Kassab afirma que não vê vitória de Lula nem de Flávio Bolsonaro na eleição deste ano. A declaração ocorreu em São Paulo, durante um almoço do LIDE, na segunda-feira, 27, onde o presidente nacional do PSD participou de um evento de João Doria.
O cacique do PSD defendeu a candidatura de Ronaldo Caiado, ex-governador de Goiás, e apontou espaço para candidaturas alternativas além de Lula e Flávio Bolsonaro, mesmo com pesquisas que indicam polarização entre ambos.

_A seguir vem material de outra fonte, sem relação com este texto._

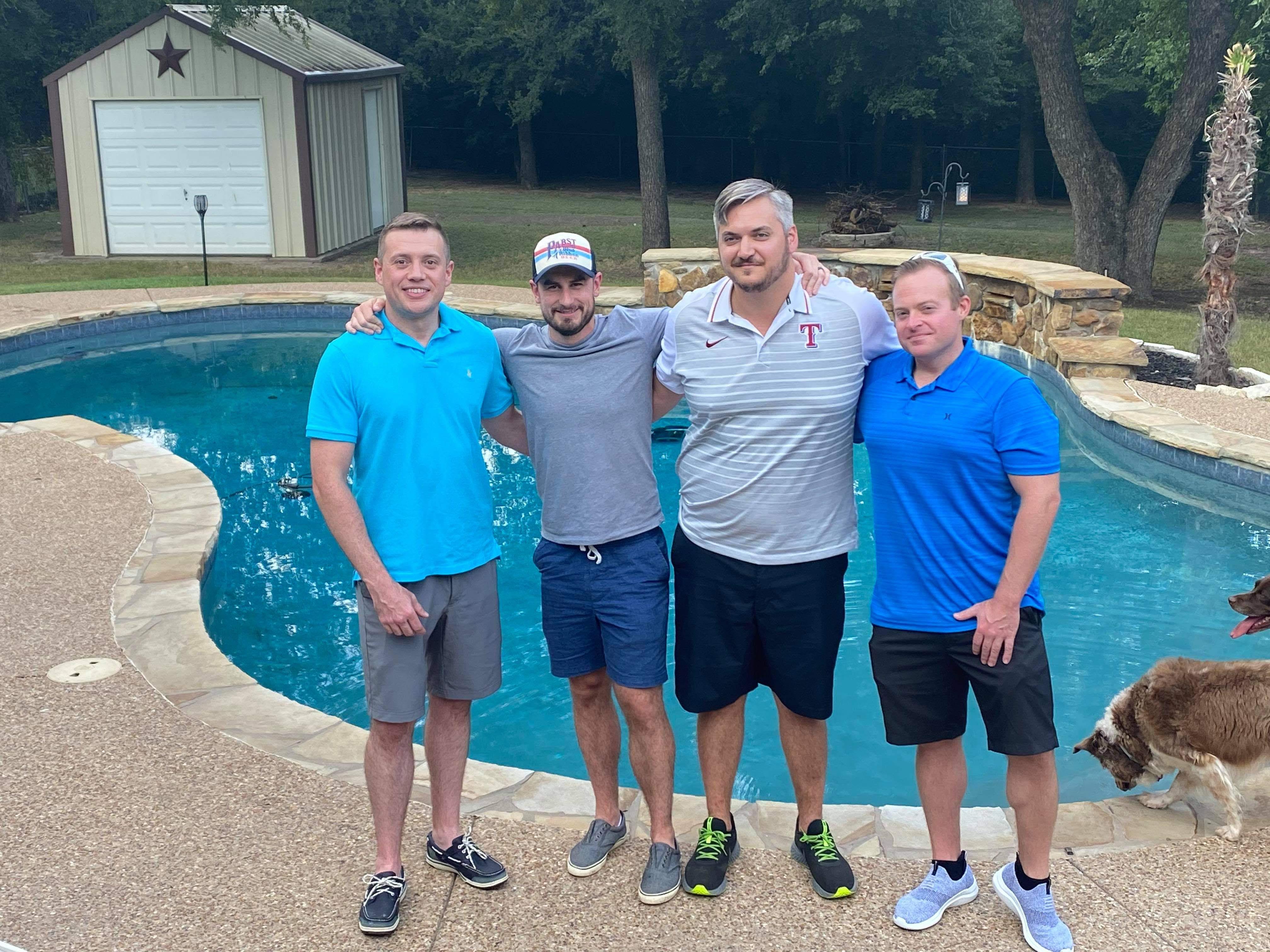 A group of men standing next to a pool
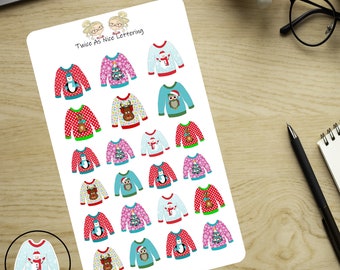 May include: A white sticker sheet featuring multiple small illustrations of holiday sweaters in red, pink, and blue. The sweaters display festive graphics including penguins, reindeer, owls, snowmen, and Christmas trees. The text Twice As Nice Lettering is printed at the top. A magnifying glass shows one snowman sweater.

O comentário foi feito no terceiro Almoço Empresarial da série Cenários do Brasil 2026, em que Kassab comentou ainda o desempenho de Jair Bolsonaro, avaliado por ele como inadequado para a vida pública, e citou ministros como Paulo Guedes, Tereza Cristina e Tarcísio de Freitas.
Segundo Kassab, as pesquisas apontam Lula e Flávio Bolsonaro em posição de liderança isolada, mas o cenário pode mudar até as convenções, previstas para o começo de julho, conforme o avanço de outras candidaturas.
O presidente do PSD também disse que a população está cansada de Lula e do bolsonarismo, associando o desgaste a escândalos de corrupção de ambos os lados e aos períodos de governo anteriores.
Sobre a vaga de vice de Caiado, Kassab afirmou que a escolha ficará condicionada a critérios eleitorais e administrativos, buscando alguém capaz de contribuir tanto para vencer quanto para governar.
O dirigente ressaltou que o PSD não faz bravatas para que correligionários deixem o governo, destacando que outros integrantes se afastaram do projeto político, mantendo, porém, a candidatura própria de Caiado.